Integer overflow in operator new

2007-04-06 Thread Karl Chen

Hi all, apologies if this has been discussed before, but I
couldn't find anything about this issue in gcc mailing list
archives.

Use of operator new (et al) appears to have an integer overflow;
this function:
 
int * allocate_int(size_t n)
{
return new int[n];
}

with gcc-4.1 on IA-32 compiles to:

_Z12allocate_intj:
pushl   %ebp
movl%esp, %ebp
subl$8, %esp
movl8(%ebp), %eax
sall$2, %eax   
movl%eax, (%esp)
call_Znaj
leave
ret

which is equivalent to the compilation of:

int * allocate_int(size_t n)
{
return (int*) operator new[](4 * n);
}

"4 * n", unchecked, is vulnerable to integer overflow.  On IA-32,
"new int[0x4001]" becomes equivalent to "new int[1]".  I've
verified this on gcc-2.95 through 4.1.  For larger objects the
effects are exaggerated; smaller counts are needed to overflow.

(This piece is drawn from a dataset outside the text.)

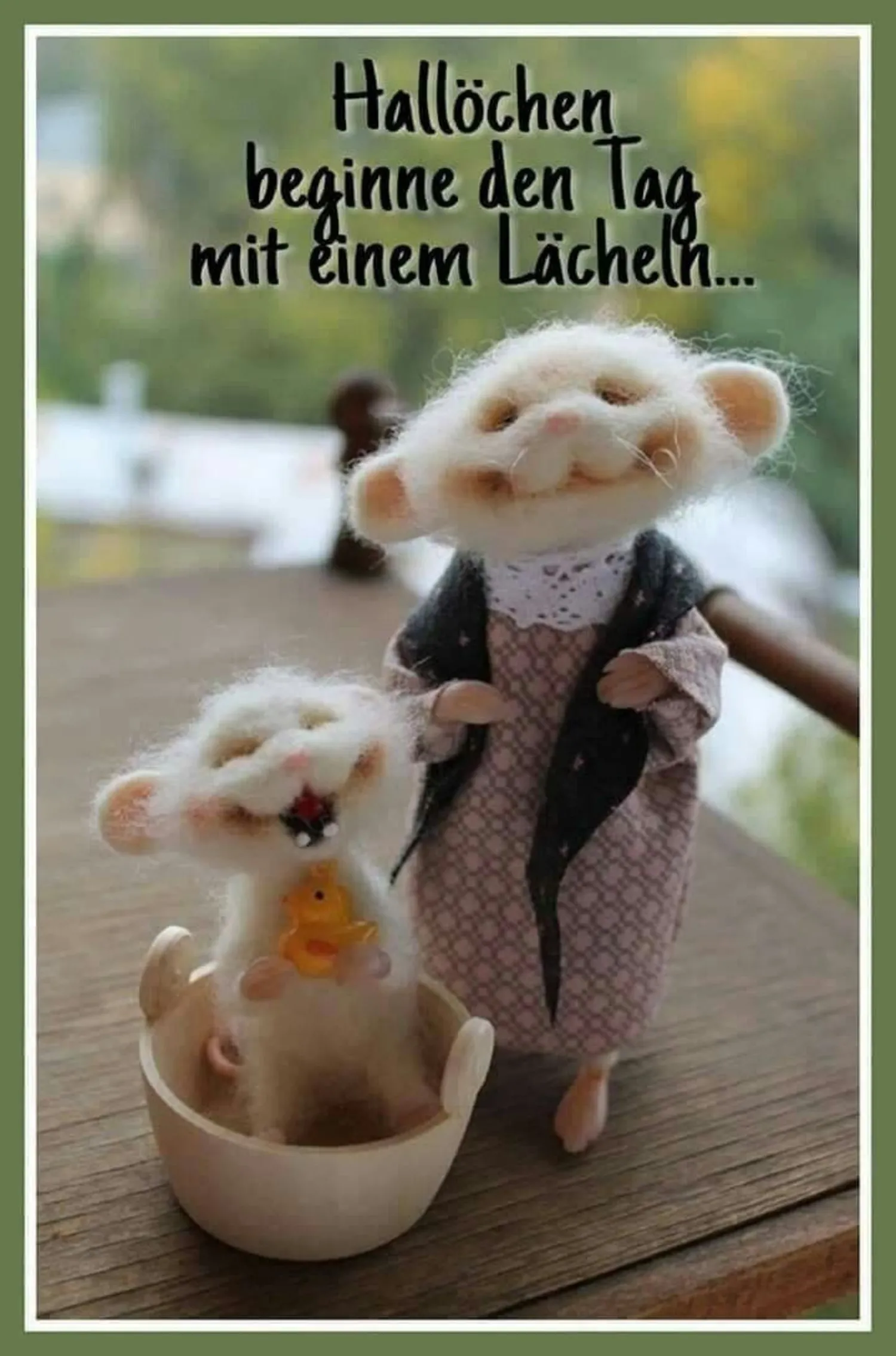 Zwei genähte Mäuse, eine mit Kleid und die andere in einer Badewanne.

This is similar to the calloc integer overflow vulnerability in
glibc, which was fixed back in 2002.  Interestingly, RUS-CERT
2002-08:02 did mention 'operator new', and so did Bugtraq 5398.
http://cert.uni-stuttgart.de/advisories/calloc.php
http://www.securityfocus.com/bid/5398/discuss

See also this 2004 article by Raymond Chen:
http://blogs.msdn.com/oldnewthing/archive/2004/01/29/64389.aspx

Possible fixes might be to abort or to pass ULONG_MAX (0x)
to 'operator new' and let it return NULL or throw bad_alloc.

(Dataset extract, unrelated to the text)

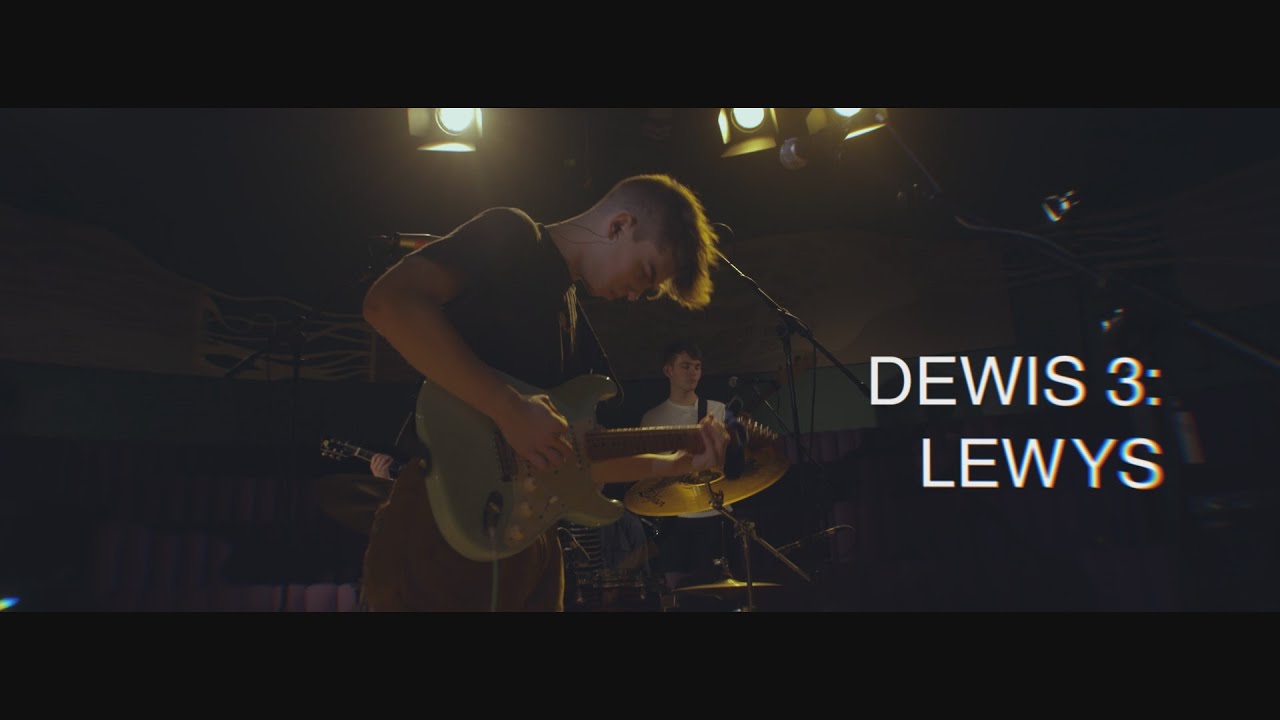 Lewys - O'r Tywyllwch - Curadur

At least one other compiler already specifically guards against
integer overflow in 'operator new'.

-- 
Karl 2007-04-06 07:30



Re: Integer overflow in operator new

2007-04-06 Thread Karl Chen
> On 2007-04-06 15:35 PDT, J C Pizarro writes:

J> A possible workaround could be it but it's vulnerable if
J> it's defined with -DNDEBUG :

J> int * allocate_int(size_t n) {
J> // it's another integer overflow, a positive can
J> // become to a negative.
J> //n=1073741823 (0x3FFF) => n*4=-4
J> //(0xFFFC) return (int*) operator
J> //new[](-4); !!! it's easy for
J> buffer overflow.
J> assert(0 <= (4 * n));
J> // it's an assert against your integer overflow.
J> assert((4ULL * n) <= ULONG_MAX); return (int*)
J> operator new[](4 * n);
J> }

Good points.  

Regarding negatives, I believe 'operator new' takes a size_t,
which is unsigned, but if it were signed it, the multiplication
would indeed be in danger of creating a negative.

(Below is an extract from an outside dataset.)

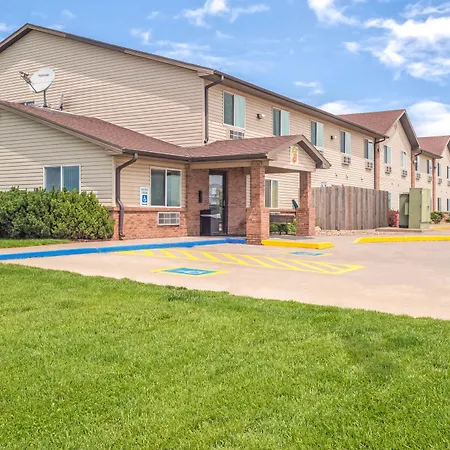 Super 8 By Wyndham Nebraska City-3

If possible, I would prefer a solution that's built-in to operator
new.  I was thinking it should be implemented when code is
generated, for example using jc/jo/seto on i386.

-- 
Karl 2007-04-06 15:41


Re: Integer overflow in operator new

2007-04-06 Thread Karl Chen
> On 2007-04-06 16:12 PDT, Lawrence Crowl writes:

Lawrence> Asking programmers to write extra code for rare
Lawrence> events, has not been very successful.

Well put Lawrence, I agree; I didn't expect strong opposition.

I doubt we'd find much code in the wild that checks for integer
overflow before every 'new'.  I'd like to reiterate that the
equivalent calloc issue was treated as a serious vulnerability and
fixed right away.

>From the programmer's point of view, the multiplication isn't
obvious.  For all they know, it's a 'for' loop that iterates per
element, allocating (sizeof object) bytes in each iteration.  So
it's not obvious why a check would even be necessary to a typical
user.

I would also note that all non-char uses of operator new that I
looked at in gcc's C++ headers are lacking integer overflow
checks.

Lawrence> It would be better if the compiler incorporated this
Lawrence> check into operator new, though throwing an
Lawrence> exception rather than asserting.  The compiler
Lawrence> should be able to eliminate many of the
Lawrence> conditionals.

Indeed, recent research has found that even checking for overflow
on *every arithmetic operation* is only a 5% run-time overhead.  A
default check on only 'operator new' invocations is quite cheap -
a single jump-if-overflow instruction that fares well with branch
prediction.  Handling the overflow case can be moved faraway so it
doesn't affect instruction cache performance.

Fixing it in user code at call sites is cumbersome - there's no
way to wrap a macro around 'operator new', no way to do it in
custom 'operator new' since the implicit multiplication has
already occurred by then.  It would have to be an explicitly typed
check at every use of 'operator new'.